Verificamos ainda que a ousadia de alguns representantes chega ao ponto de quando substituídos pelos representados ainda se dignam deitar a mão aos recursos recolhidos, como sucedeu com as dádivas dos portugueses na sequência das calamidades dos fogos no centro do país, há uns anos atrás.
Precisamente, porque os representantes, i.e., os Governantes nacionais e locais pretenderam e vão alterar a vida a mais de meio milhão de cidadãos, que residem a Norte do Campo Grande, surgiu o Movimento de Cidadãos Contra o Fim da Linha Amarela, que deitou a mão a todos os instrumentos disponíveis para evitar que a entrada em funcionamento da linha verde circular do metro remeta a linha amarela do metro para um mero trajecto entre Odivelas e Telheiras, fazendo do metro uma espécie de Ascensor da Calçada de Carriche. Tal trará incómodos e atrasos, quer pelos transbordos em massa que sucederão no Campo Grande, quer pela espera em duas linhas por comboios quando actualmente todo o acesso ao centro de Lisboa é feito sem interrupções nem transbordos. No trabalho desenvolvido, aquele Movimento contou com o apoio popular, mas também como o apoio peculiar do Bloco de Esquerda, do CDS/PP, do PAN, do PCP e do PEV e ainda do PPD/PSD, num claro encontro entre a democracia participativa e a democracia representativa. Passado este tempo de acção, pode-se afirmar que em Odivelas surgiu uma nova forma de Movimento Social, um autêntico caso de estudo, que tendo sido apelidado de “ruído”, afinal foi simplesmente mais um exercício de um conceito que abraçamos em Abril de 1974, o exercício de cidadania em “Democracia”.

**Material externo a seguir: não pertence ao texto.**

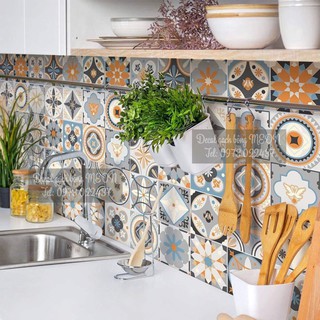 Decal gạch bông set 30 ô 20x20cm -E6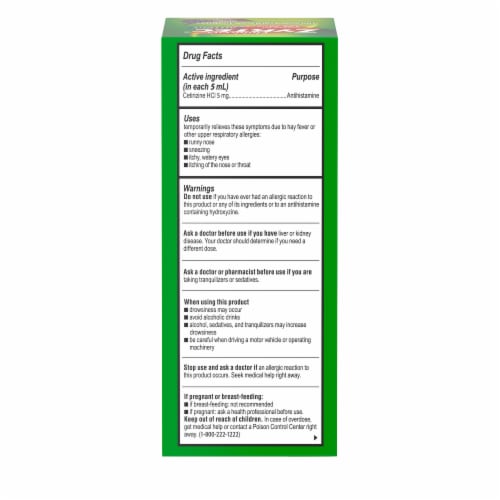 Children's Zyrtec 24 Hour Allergy Relief Dye-Free Sugar-Free Syrup Cetirizine HCl Grape Flavor Perspective: bottom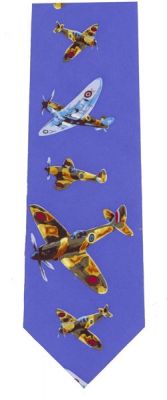 Novelty RAF Supermarine Spitfire Silk Tie Blue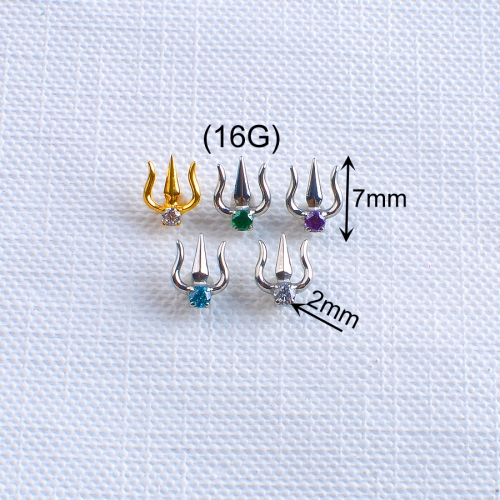 Body Piercing Jewelry Titanium Trident of Poseidon With CNC Set CZ Labret Earring Internally Threaded Helix Earring Wholesale--P459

Para muitos que se admiram com os níveis de abstenção e de alienação cívica, mas que no seu íntimo reduzem o exercício da cidadania em democracia a uma espécie de Shabat de 4 em 4 anos, pode parecer estranho que tendo Portugal uma forte presença dos partidos políticos no espaço político e decisório público, pretendam os cidadãos ser isso mesmo cidadãos. Facto é que o legislador constituinte e ordinário optou por exortar à operacionalização da democracia em sistema misto, pois apesar de a estrutura do Estado se ter constituído com base na representatividade, também tal depende da participação.
Por outro lado, mecanismos de participação como o do orçamento participativo municipal tem sido pervertidos e até desacreditados. Isto está a acontecer, aqui mesmo, em Odivelas, onde os projectos resultantes do contributo dos cidadãos para o Orçamento Participativo são atirados reiteradamente para as calendas do esquecimento.

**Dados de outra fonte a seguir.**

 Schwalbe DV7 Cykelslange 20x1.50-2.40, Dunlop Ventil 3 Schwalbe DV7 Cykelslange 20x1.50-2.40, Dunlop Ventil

Neste quadro, o exercício da cidadania seja local, seja nacional, pela via da participação directa tem de ser observado como oportunidade de recolha de contributos visando melhorar o exercício dos órgãos de Poder, que assim até se podem valorizar politicamente perante o eleitorado.
A participação popular em concelhos como o de Odivelas, onde a conjuntura política dotou quer a Câmara Municipal, quer a Assembleia Municipal de soluções monocromáticas maioritárias, fazendo da função deliberativa e fiscalizadora uma espécie de caixa de ressonância da função executiva, impõe mesmo a participação dos cidadãos, pois as oposições estão de tal forma diminuídas que mesmo fazendo o seu trabalho o sucesso destes dependerá da capacidade de quem governa em ser magnânimo.
Hoje governar não é um mero exercício de decidir e executar, antes de tudo deve ser um exercício de perscrutar.